Top of MATERIAL FOR THIS EXERCISE
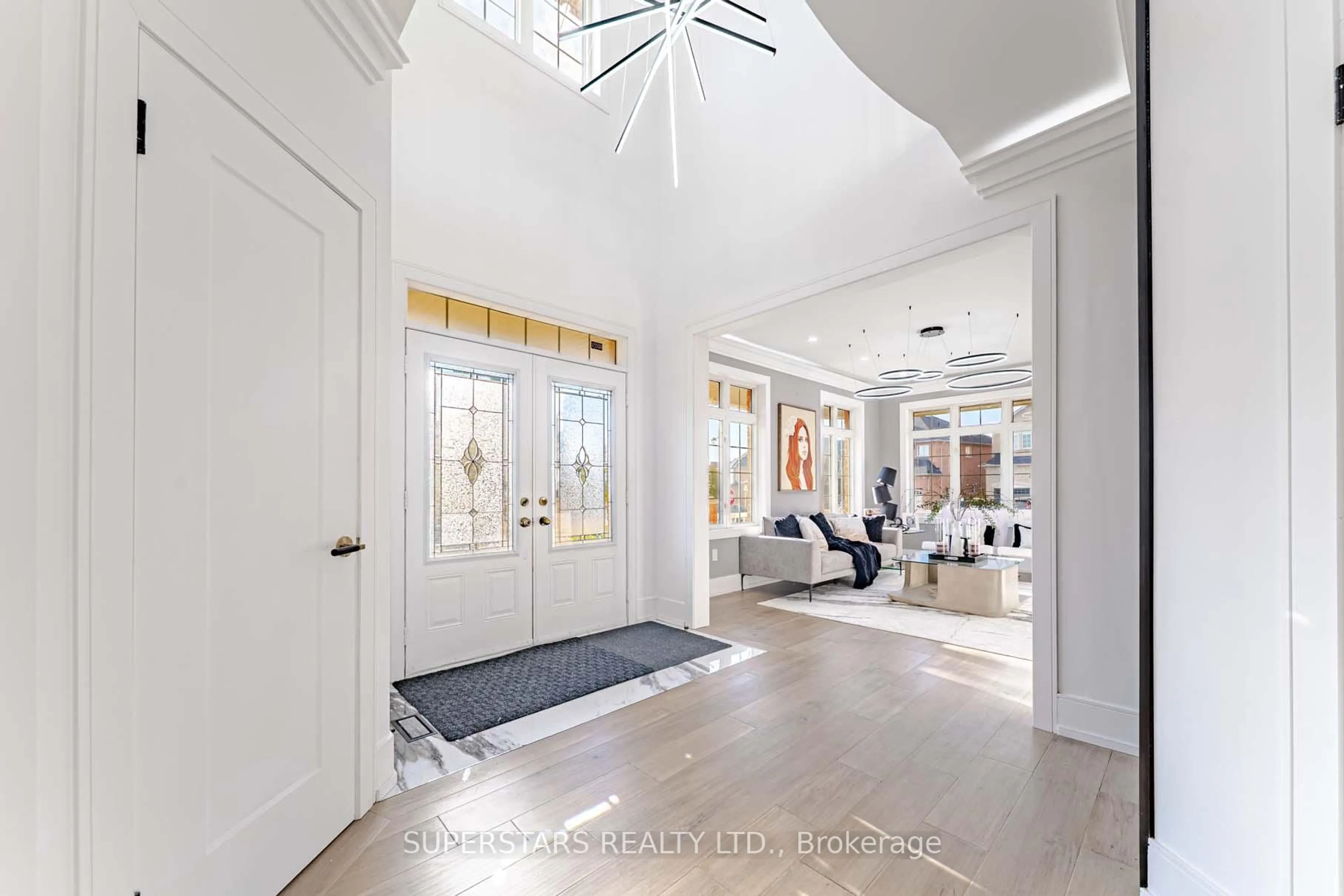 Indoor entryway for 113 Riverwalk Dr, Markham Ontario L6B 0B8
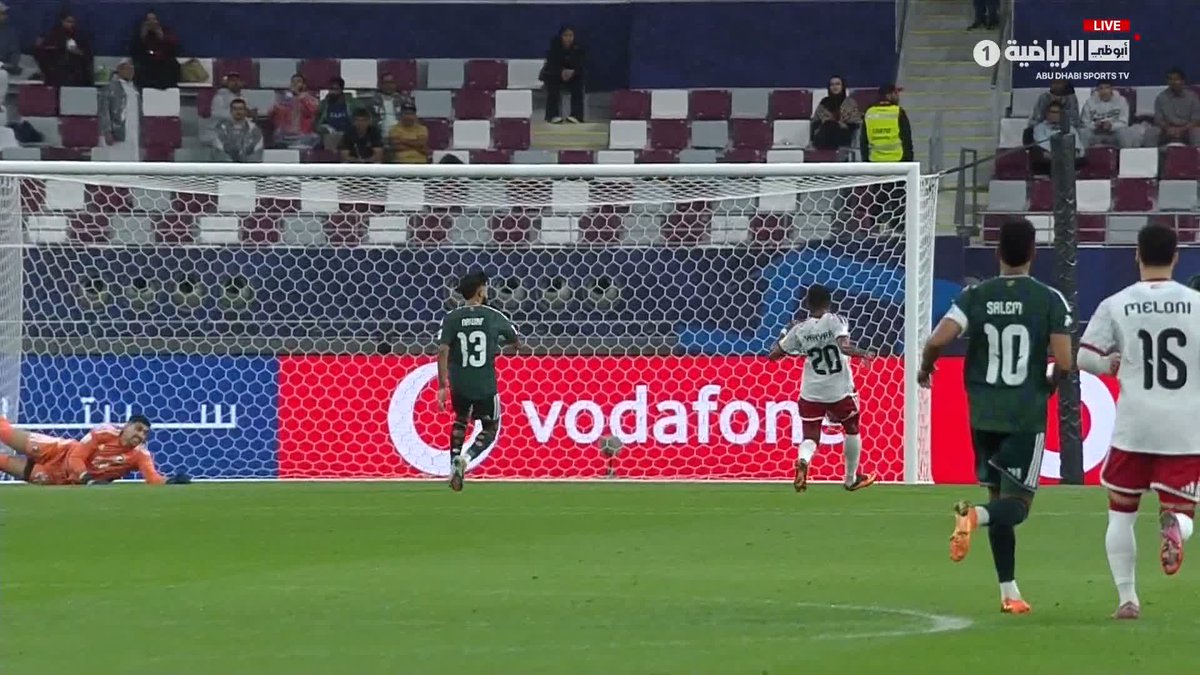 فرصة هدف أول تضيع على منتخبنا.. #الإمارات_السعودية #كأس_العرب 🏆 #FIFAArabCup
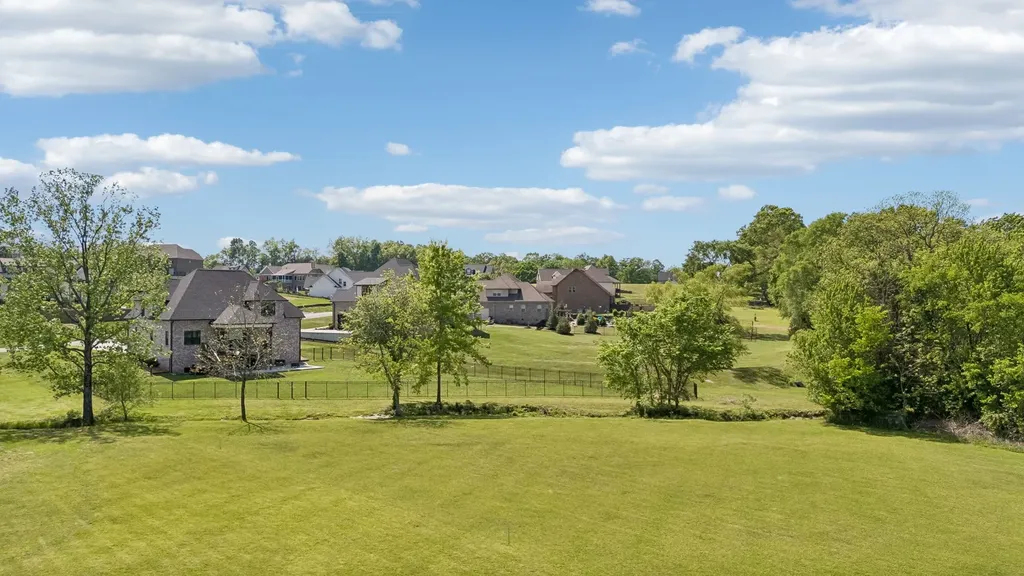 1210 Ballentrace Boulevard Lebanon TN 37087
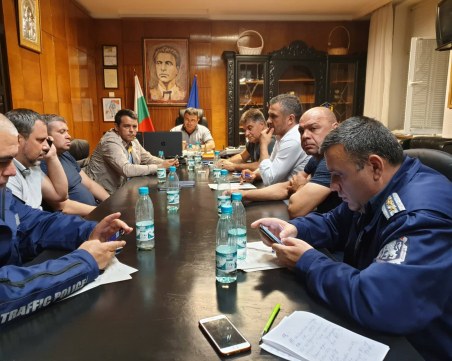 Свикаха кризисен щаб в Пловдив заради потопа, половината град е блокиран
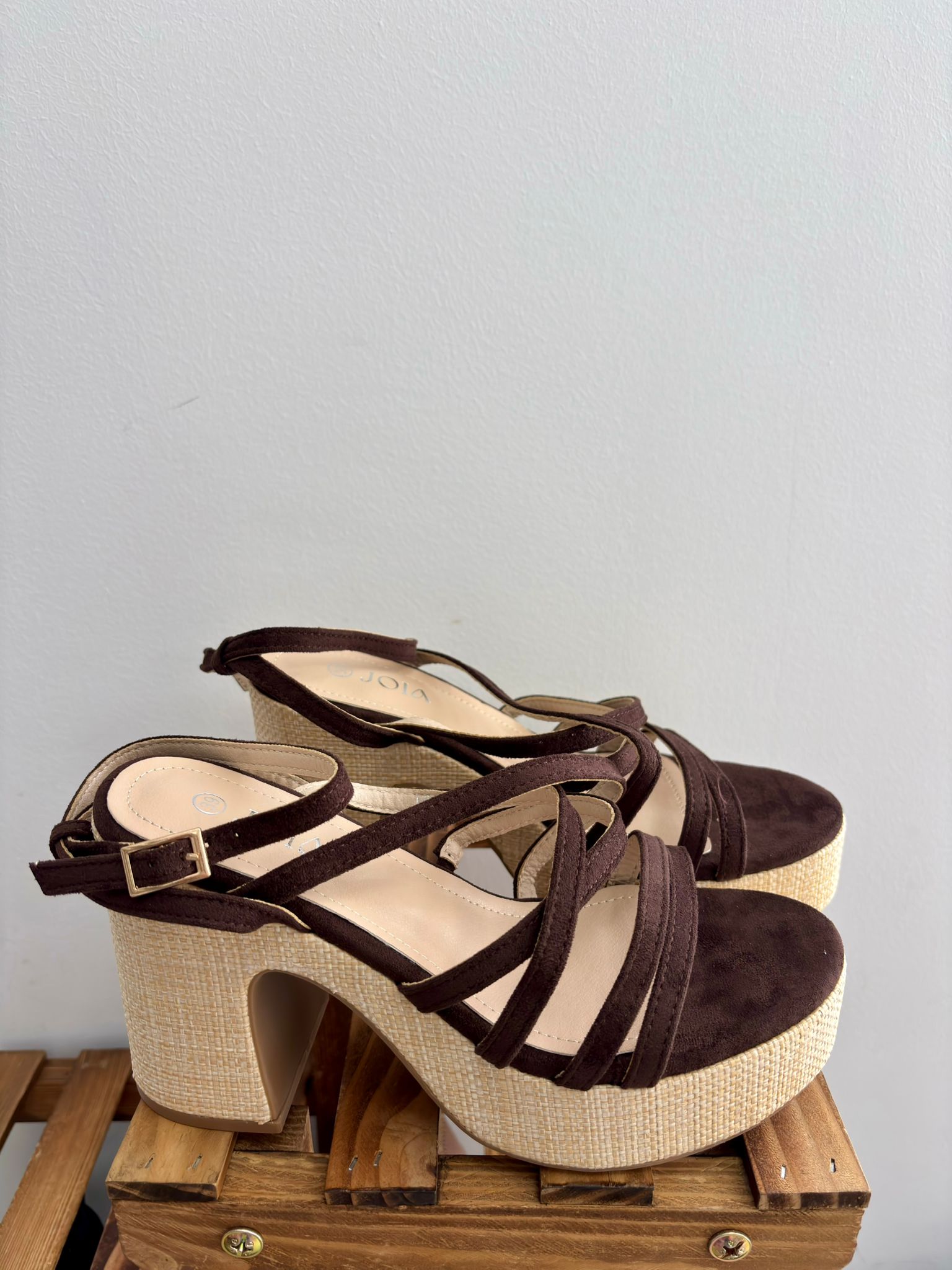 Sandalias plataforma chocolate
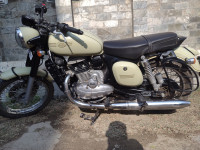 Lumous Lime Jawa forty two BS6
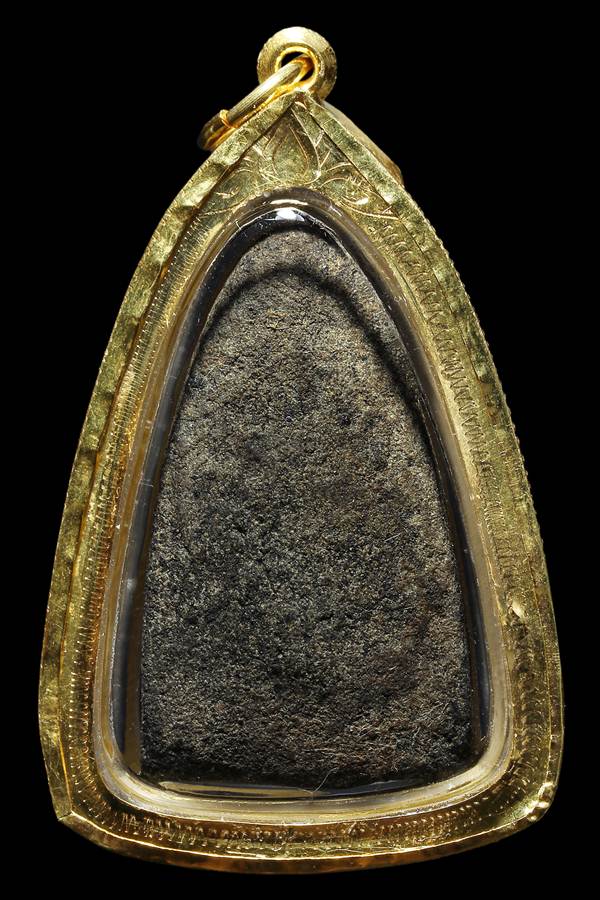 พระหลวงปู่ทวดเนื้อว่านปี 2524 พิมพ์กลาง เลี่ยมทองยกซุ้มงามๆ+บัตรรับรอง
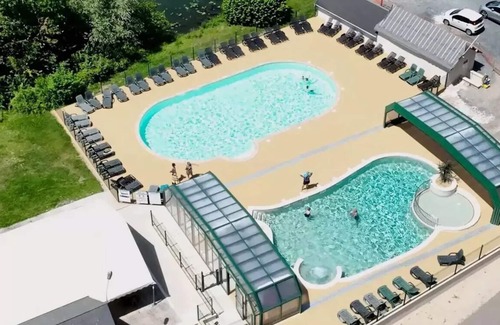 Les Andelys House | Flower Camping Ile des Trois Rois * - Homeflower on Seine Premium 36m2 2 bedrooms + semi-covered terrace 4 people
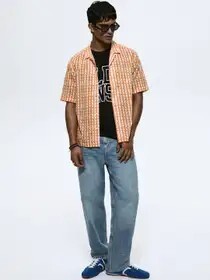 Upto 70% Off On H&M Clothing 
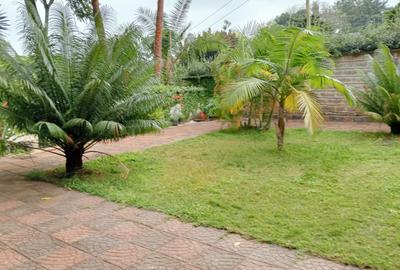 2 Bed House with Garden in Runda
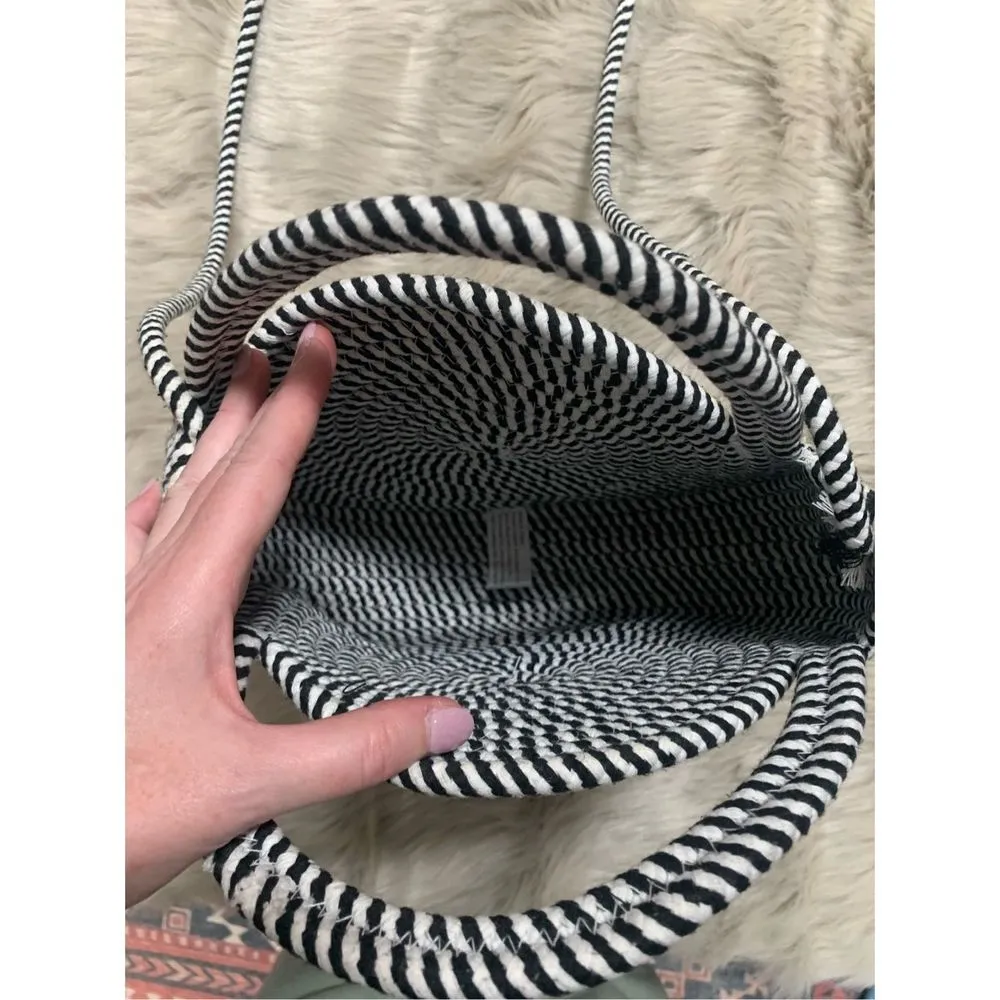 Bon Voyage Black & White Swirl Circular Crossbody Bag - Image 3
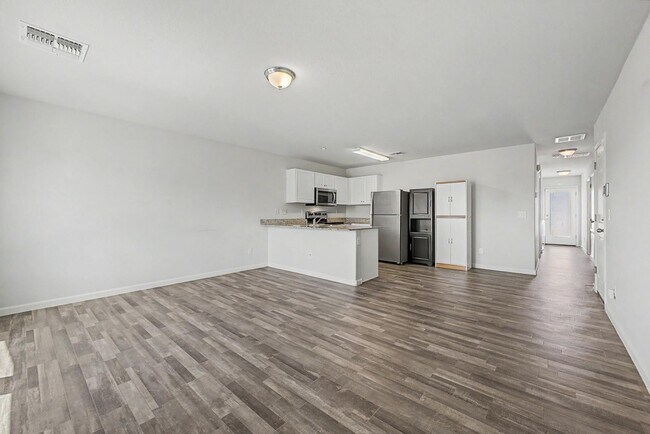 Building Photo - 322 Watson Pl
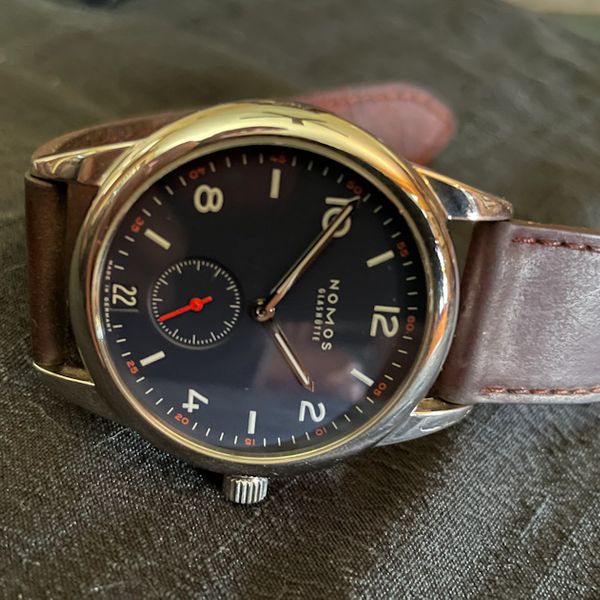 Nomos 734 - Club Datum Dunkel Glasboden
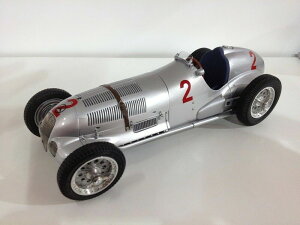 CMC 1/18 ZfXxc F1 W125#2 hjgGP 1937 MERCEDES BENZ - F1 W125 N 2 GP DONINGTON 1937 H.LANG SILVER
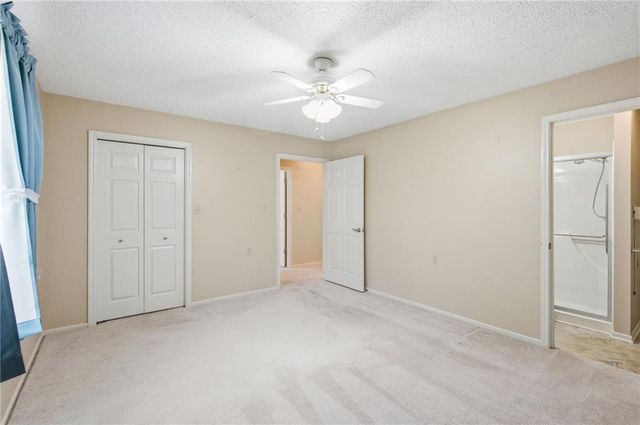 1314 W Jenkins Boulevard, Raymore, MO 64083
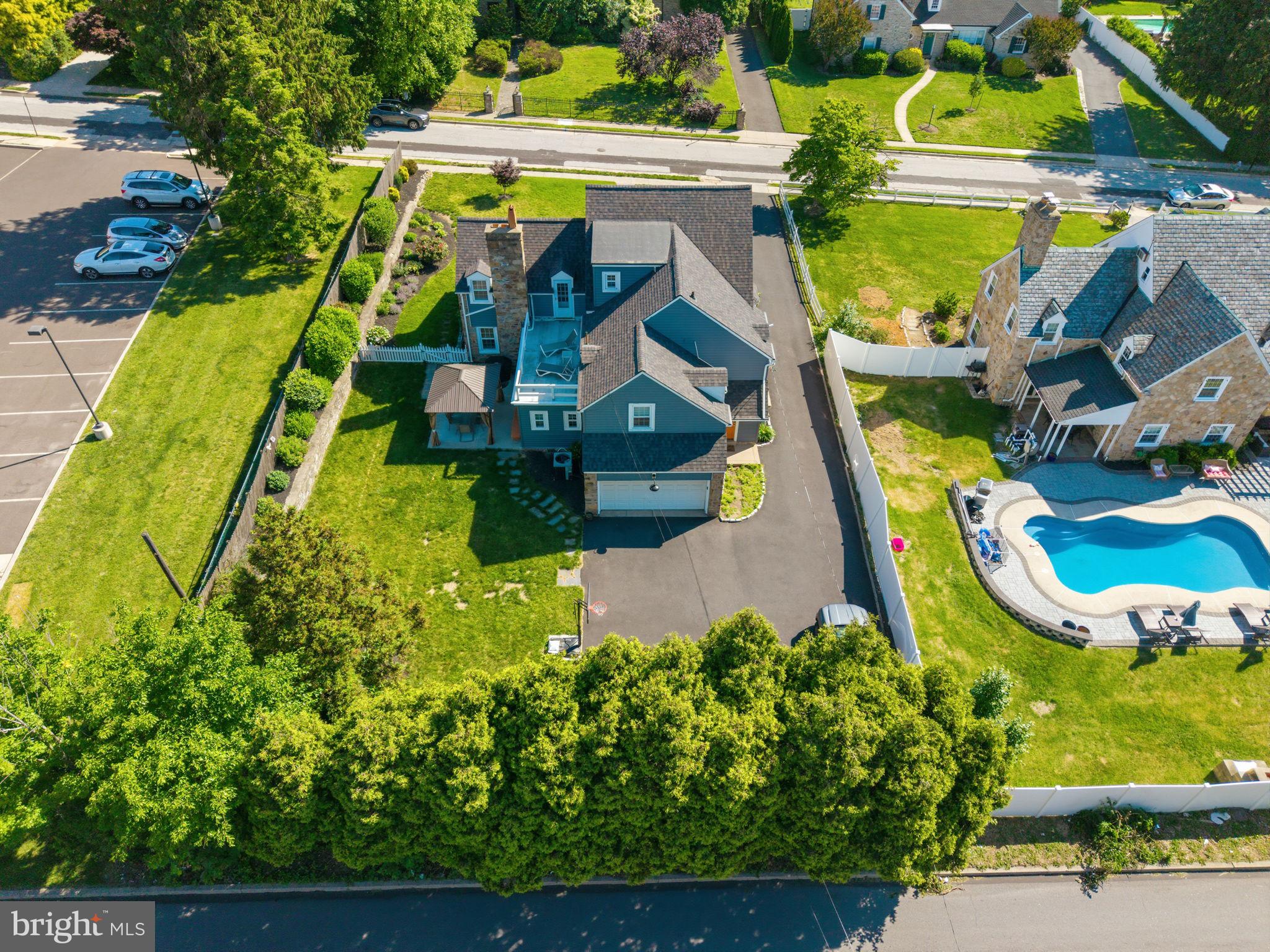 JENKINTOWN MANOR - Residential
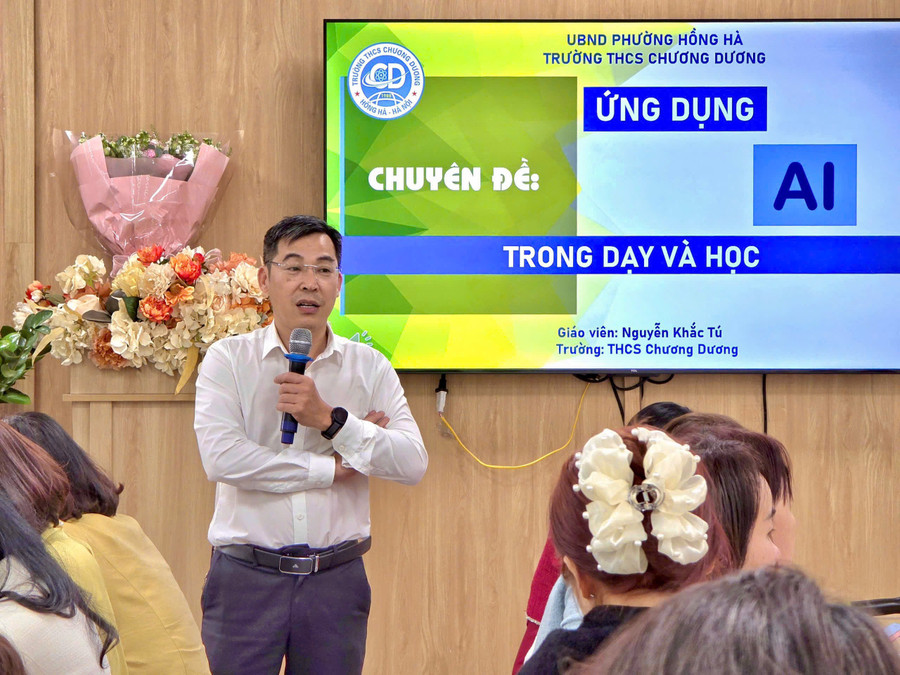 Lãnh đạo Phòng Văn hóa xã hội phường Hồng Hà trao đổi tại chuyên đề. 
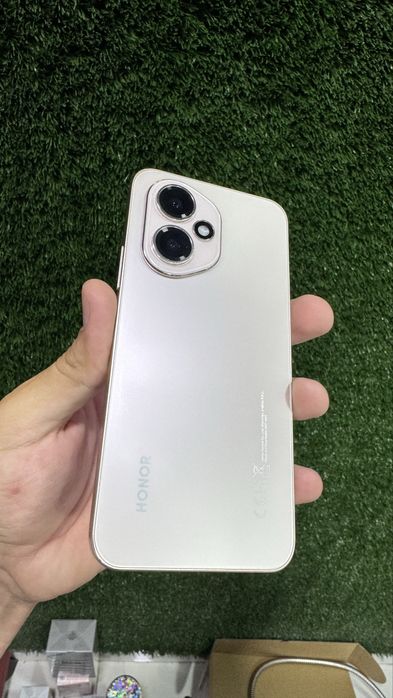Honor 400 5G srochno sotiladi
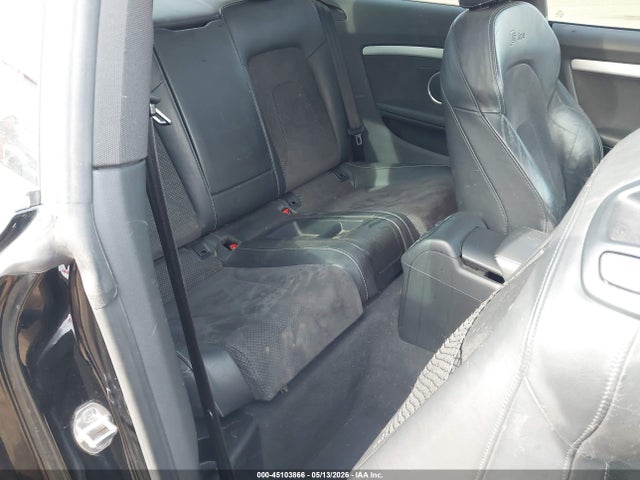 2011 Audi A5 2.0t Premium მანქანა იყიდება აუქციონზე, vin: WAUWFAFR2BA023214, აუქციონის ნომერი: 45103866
Bottom of MATERIAL FOR THIS EXERCISE
**EXERCISE GOAL:**
Nothing should appear in the answer except the lines from the first line of the data through the line holding "Sandalias plataforma chocolate", exactly as written, with pictures left out.

**RESPONSE TO THE TASK:**
 Indoor entryway for 113 Riverwalk Dr, Markham Ontario L6B 0B8
 فرصة هدف أول تضيع على منتخبنا.. #الإمارات_السعودية #كأس_العرب 🏆 #FIFAArabCup
 1210 Ballentrace Boulevard Lebanon TN 37087
 Свикаха кризисен щаб в Пловдив заради потопа, половината град е блокиран
 Sandalias plataforma chocolate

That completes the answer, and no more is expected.